Bruno  - Une petite récréation   |2011-01-08 08:28:12
A mon école (rue des Bauches à Paris, 16ème arrondissement), les "dames de service" apportaient une fois par semaine - le vendredi après-midi, je crois - des cagettes dans lesquelles il y avait autant de bouteilles de lait chocolaté que d'élèves.
Le goût était voisin de celui du "Cacolac" actuel (c'était meilleur, il me semble !) tout le monde prenait sa bouteille, je n'ai jamais vu un seul élève la refuser.
Le moment était apprécié, c'était une petite récréation à l'intérieur de la classe.
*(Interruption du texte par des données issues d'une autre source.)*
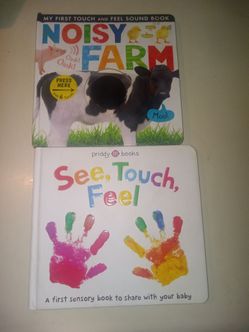 Baby/Toddler Books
morin christine  - le lait   |2011-03-17 06:37:46
1956 1957 a la récréation l,après midi en file indienne les enfants se rendaient au réfectoire (sous la surveillance des institutrices) la on nous servait du lait tiède avec des petites billes de gras jaunes qui remontaient a la surface (je n,aimais pas le lait ) et tout les débuts d,après midi je cherchais comment échapper a ce moment horrible pour moi ,je n ,ai jamais trouvé .après coup a ce jour ou les restos du coeur sont débordés de demandes ,je trouve que monsieur mendès france avait bien cernait le problème ,il était innovateur et a l,écoute des problèmes humains
Pierre  - Quelle horreur   |2011-12-05 15:53:04
Je suis en train d'écrire mes souvenir d'enfance et le lait est l'un des plus mauvais souvenirs qu'il me reste. Ce lait infecte, épais, jaune, sur lequel surnageait une crème qui me donnait envie de vomir. Il était servi à la récréation dans un gobelet en plastic de couleur muni d'une anse, ce qui lui donnait encore plus mauvais goût. Nous n'étions pas riches mais, au bord de la mer avec un père pêcheur et un grand jardin potager, des poules et des lapins nous étions biens nourris et n'avions pas besoin de ça. Ce supplice m'a tellement marqué que je m'étais juré que si cela était arrivé à mes enfants j'aurais tout fait pour qu'ils ne subissent pas la même contrainte.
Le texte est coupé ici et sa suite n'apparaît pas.